The Social Security Administration has a little-known opening for benefits often described as the “worn out worker” rule.
Along with the ability to meet other requirements, you may qualify if you have a work history of 35 years or more performing arduous physical labor.
Arduous and unskilled work
“Arduous work” means physical effort that requires considerable endurance or strength. Often, this description is consistent with heavy work, but it can also apply to tasks that require stamina, such as repetitive lifting or bending at a consistently rapid pace. Unskilled work refers to performing simple duties that only require a short learning period and the need for little or no judgment.
You cannot have had more than a “marginal” education, normally meaning that your schooling did not extend beyond the sixth grade.
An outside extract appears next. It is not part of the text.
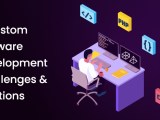 5 Challenges Faced During Custom Software Development And Their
Based on the tasks or responsibilities you carried out in your work, you may display more competence than that associated with a marginal education, but evidence may show that your ability for arithmetic, language and reasoning do not exceed that criteria.
As of 1975, the Social Security Administration also makes benefit provisions for people with “no work experience;” that is, for disability claimants and beneficiaries 55 years of age or older and have no recent or relevant employment experience. In general, a claimant in this category will not have worked within 15 years prior to submitting a claim. The decision for benefits will also depend on whether age, education level and lack of work experience is compatible with similar remunerative work factors.
To qualify for “worn out worker” Social Security benefits, you must have either an impairment or a disability that prevents you from performing arduous physical labor. In other words, you can no longer do the work you carried out for more than 35 years. You must also provide evidence that your condition is expected to last for at least 12 months, or that it will result in death.